Après cet acte masochiste entre tous que représente une cérémonie funéraire, les larmes se répandant dans l’assemblée comme du feu sur de l’huile (les larmes, comme le bâillement, c’est communicatif) le cortège s’ébranle derrière le diesel écœurant d’une camionnette damassée de noir.
Tomas n’aime pas les cimetières français bardés de protections, grilles, murs, des fois que certains s’évaderaient. Il ne peut s’empêcher de penser à ces jardins anglais verdoyants dans lesquels on vient se promener et dire bonjour à mémé. Enfin, tout le monde sort et Tomas se glisse derrière Garance.
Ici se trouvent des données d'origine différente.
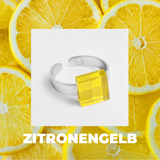 Foto von Small ring with 10mm stone • adjustable size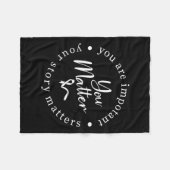 Problem Mental Health Awareness Warrior Counselor Fleecedecke (Vorderseite (Horizontal))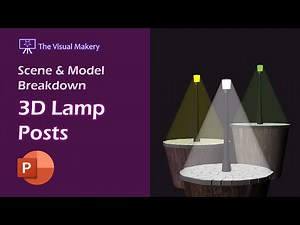 The Secrets of the 3D Lamp Posts Scene - PowerPoint Tricks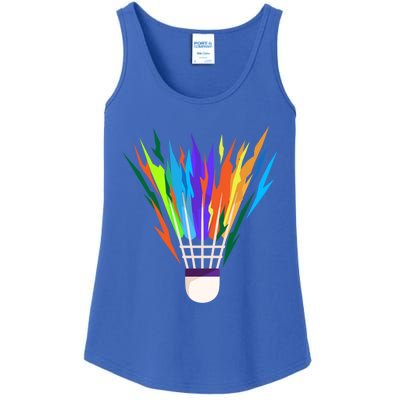 Badminton I Badminton Ball I Badminton Racket Shuttlecock Great Gift Ladies Essential Tank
   - Mademoiselle, votre père est occupé avec la famille, vous auriez deux minutes pour parler de l’assurance de votre grand-mère ?
Elle le fixe d’un regard étrangement calme, elle n’a pas pleuré, elle semble apeurée, pas triste.
   - Oui, pourquoi pas ? Vous m’offrez une bière, je meurs… Oups. Je suis aux Deux Faisans.
   - Allons-y.
   - Vous êtes l’assureur de mémé ? Je voyais pas ça comme ça un assureur… Je voyais quelque chose de plus vieux, de plus guindé.